The effectiveness of particular pharmacological therapies for patients with rheumatoid arthritis (RA) can be strongly impacted by the molecular profiling of the diseased joint tissue, according to recent study from Queen Mary University of London that was published in Nature Medicine.
The researchers also discovered particular genes linked to refractory disease a condition that is resistant to the majority of treatments now available which may hold the key to creating new, effective medications to treat these patients.
Even though there has been substantial advancement in the treatment of arthritis over the past few decades, a sizeable portion of individuals (about 40%) do not react to particular drug regimens, and 5-20% of those who have the illness are resistant to all currently available kinds of medicine.
In a biopsy-based clinical trial, the researchers examined the reactions of 164 arthritis patients to either rituximab or tocilizumab, two medications frequently used to treat RA. Rheumatoid arthritis treatments can lessen joint inflammation, ease pain, stop or slow down joint destruction, lessen disability, and allow you to remain as active as possible.
Rheumatoid arthritis has no known cure, but with early diagnosis, treatment, and support (including medication, dietary changes, supportive therapies, and surgery), the likelihood of joint destruction and the severity of the condition can be reduced.
According to the original trial’s findings, which were published in The Lancet in 2021, just 12% of patients with a weak synovial B-cell molecular signature responded to rituximab, a drug that targets B cells (rituximab), while 50% of patients responded to a different drug (tocilizumab).
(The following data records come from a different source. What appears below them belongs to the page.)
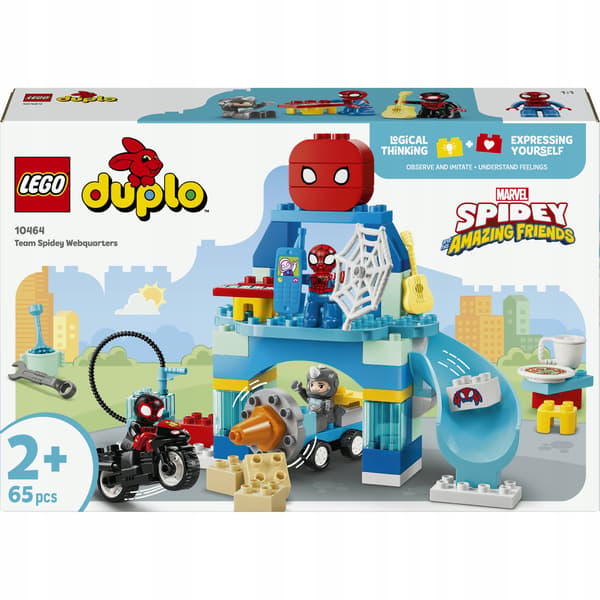 LEGO DUPLO Disney 10464 Marvel: The Spider-Team’s Hideout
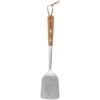 Heirol Schuin Paletmes Roestvrij Staal -Keukenbenodigdheden heirol stainless steel spatula beech wood 0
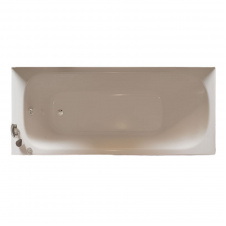 Ванна пристенная WGT Water Rialto ORTA 1600x600 прямоугольная, белый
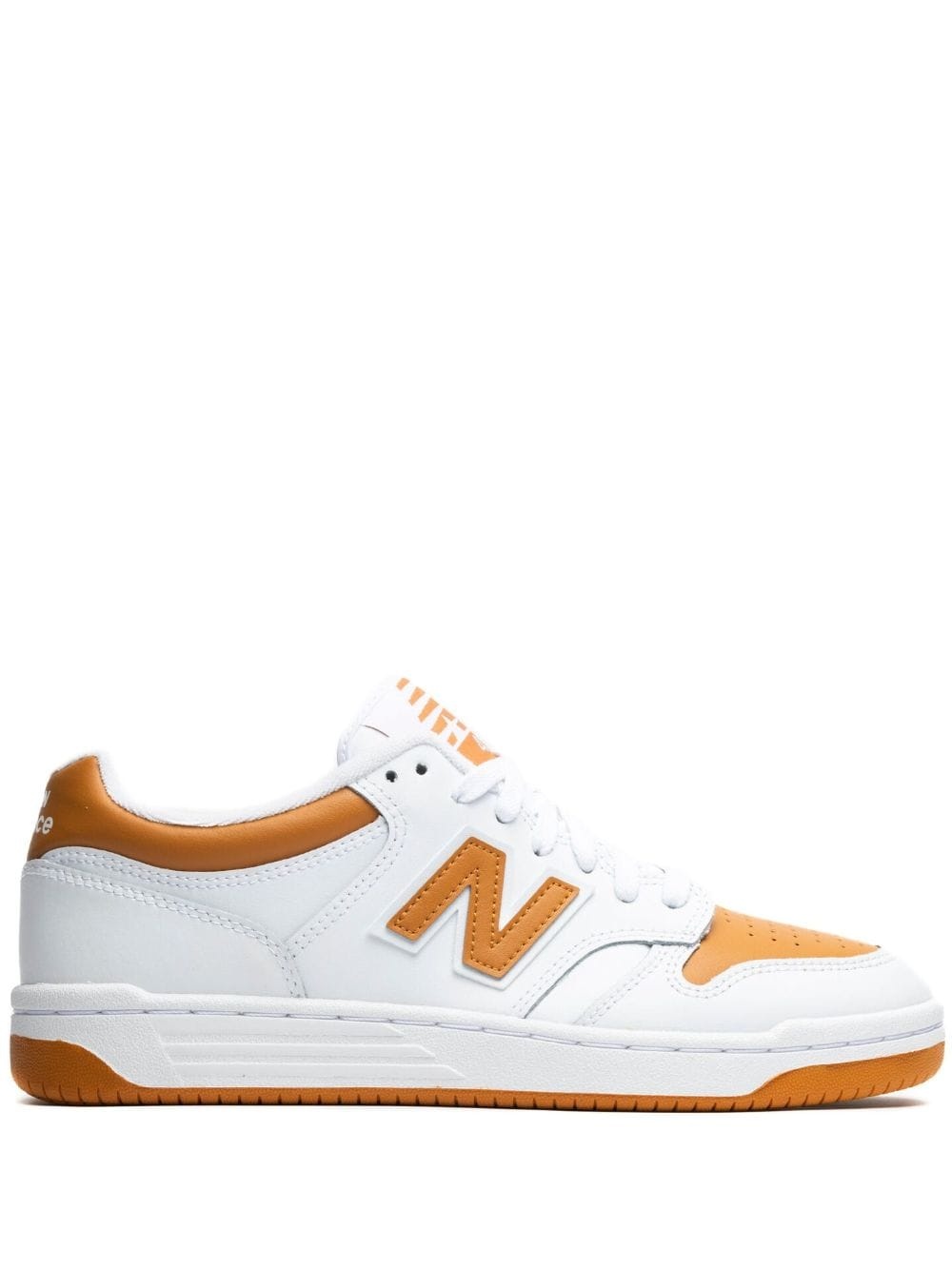 480 "White/Madras Orange" sneakers - 1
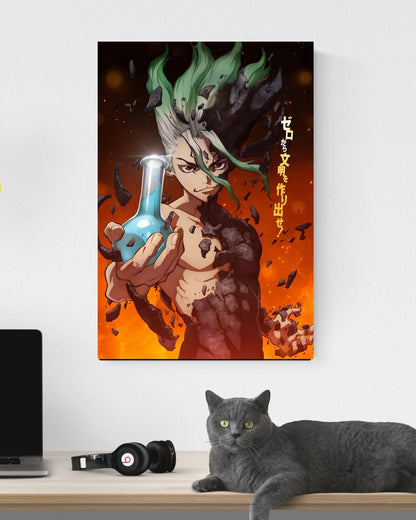 DR. STONE POSTER 06 - image 3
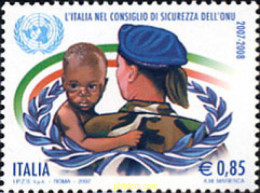 212293 MNH ITALIA 2007 ITALIA EN EL CONSEJO DE SEGURIDAD DE LA ONU - ...-1850 Voorfilatelie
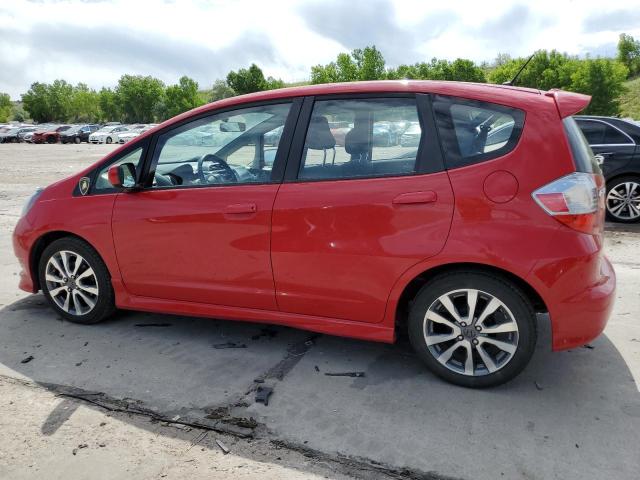  HONDA FIT 2012 Red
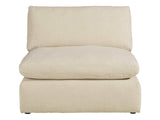 Elyza Linen 5pc Sectional Sofa (Online Special Price) - Ornate Home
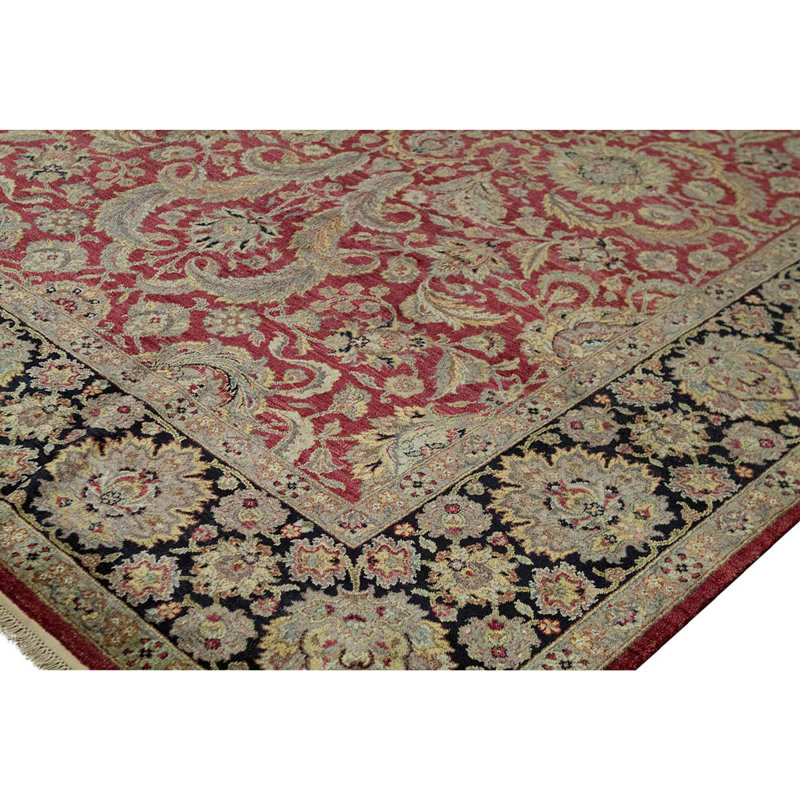 Wool Oriental Area Rug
The two medications demonstrated comparable efficacy in patients who had high amounts of this genetic signature.
As part of the first-of-its-kind study, funded by the Efficacy and Mechanism Evaluation (EME) Programme, an MRC and NIHR partnership, the Queen Mary team also looked at the cases where patients did not respond to treatment via any of the drugs and found that there were 1,277 genes that were unique to them specifically.
Incorporating molecular information prior to prescribing arthritis treatments to patients could forever change the way we treat the condition. Patients would benefit from a personalised approach that has a far greater chance of success, rather than the trial-and-error drug prescription that is currently the norm.
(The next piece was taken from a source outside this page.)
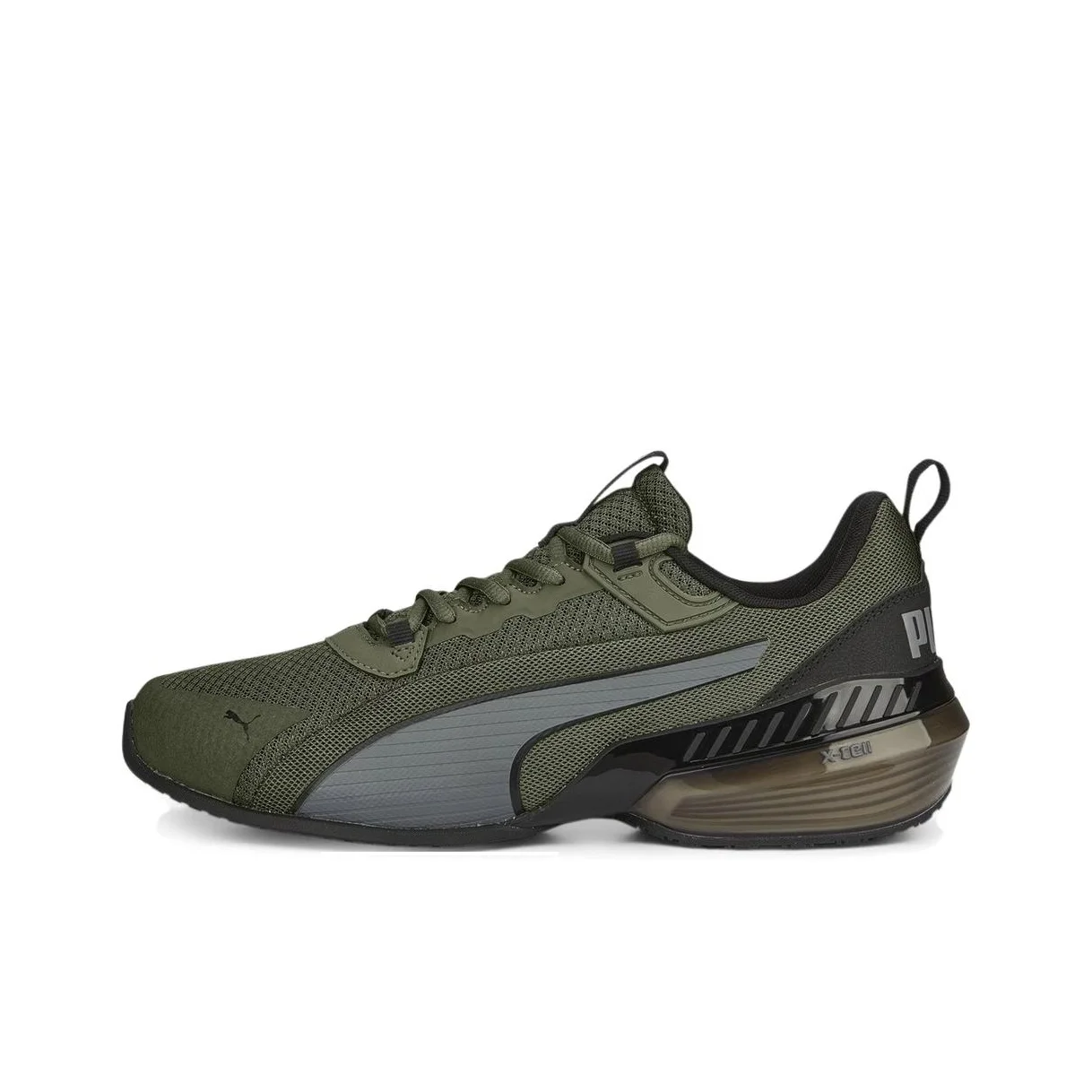 PUMA X Cell Uprise Running Shoes Men's Green 376145-14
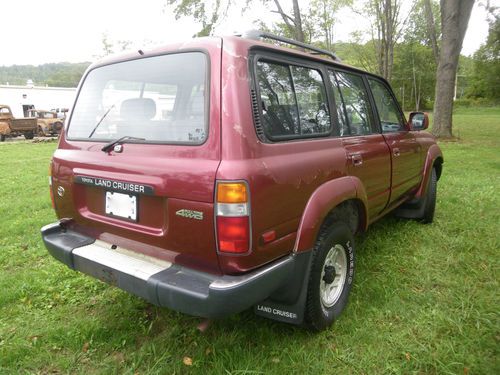 1991 Toyota Land Cruiser - LOW RESERVE, image 14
Professor Costantino Pitzalis
On the basis of this, the researchers developed computer algorithms that might predict drug response in specific patients by using a data analysis technique called machine learning models.
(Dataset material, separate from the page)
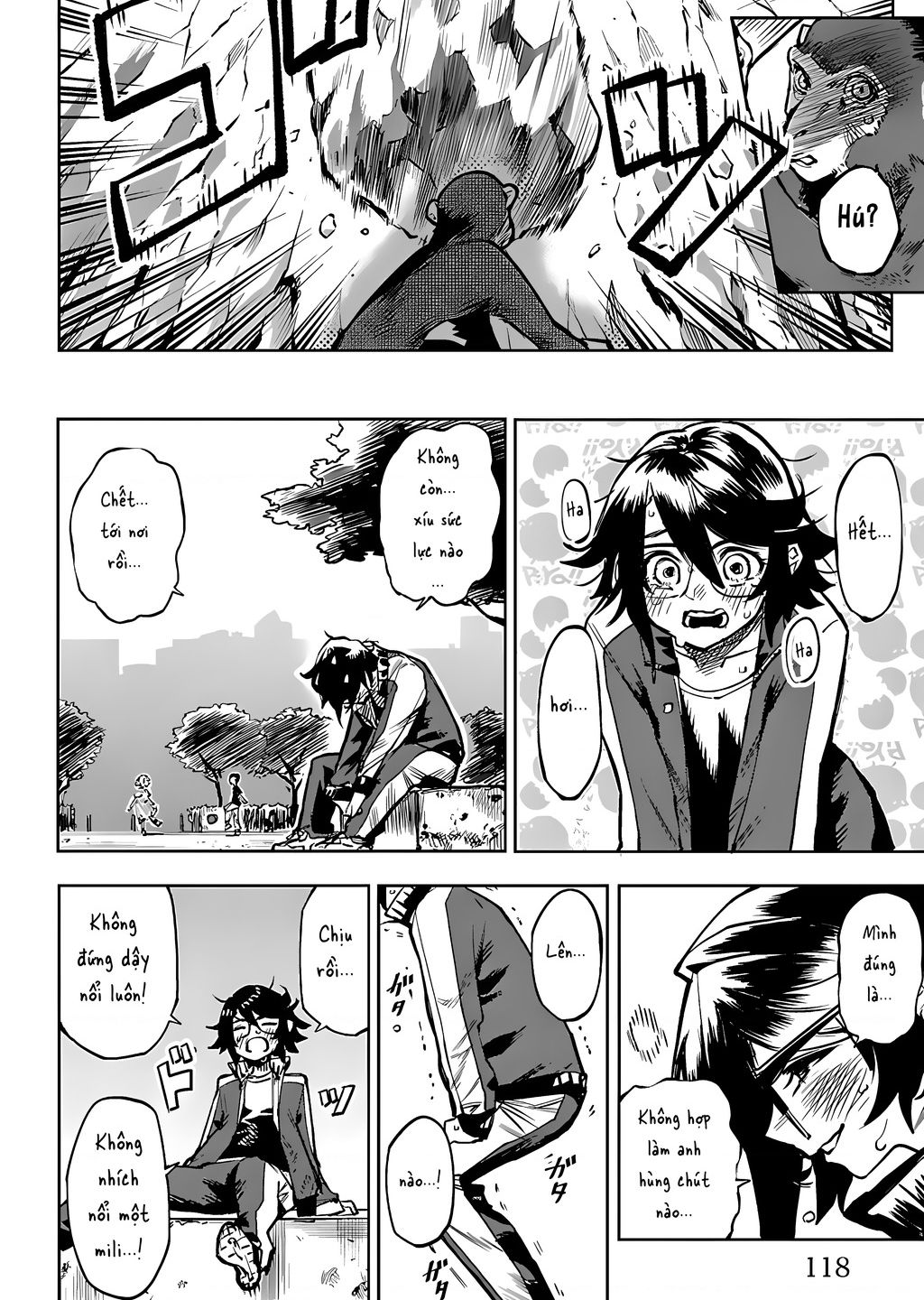 Shy Chapter  83 - 12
When compared to a model that solely employed tissue pathology or clinical characteristics, machine learning algorithms that integrated gene profiling from biopsies performed noticeably better at predicting which medication would be most effective.
The findings makes a compelling case for gene analysis of biopsies taken from arthritic joints before pricey so-called biologic targeted medicines are recommended. This could prevent any unintended side-effects, joint injury, and worse results, which are frequent among patients. It could also save the NHS and society a significant amount of time and money.
Such testing could inform doctors about which patients might not respond to any of the available medications, which would highlight the necessity for creating substitute treatments.
Professor Costantino Pitzalis, Versus Arthritis Professor of Rheumatology at Queen Mary University of London, said:
“Incorporating molecular information prior to prescribing arthritis treatments to patients could forever change the way we treat the condition. Patients would benefit from a personalised approach that has a far greater chance of success, rather than the trial-and-error drug prescription that is currently the norm.”
“These results are incredibly exciting in demonstrating the potential at our fingertips, however, the field is still in its infancy and additional confirmatory studies will be required to fully realise the promise of precision medicine in RA.”
“The results are also important in finding solutions for those people who unfortunately don’t have a treatment that helps them presently. Knowing which specific molecular profiles impact this, and which pathways continue to drive disease activity in these patients, can help in developing new drugs to bring better results and much-needed relief from pain and suffering.”
To convert these discoveries into ordinary clinical care, it will be required to include these signatures in next diagnostic tests.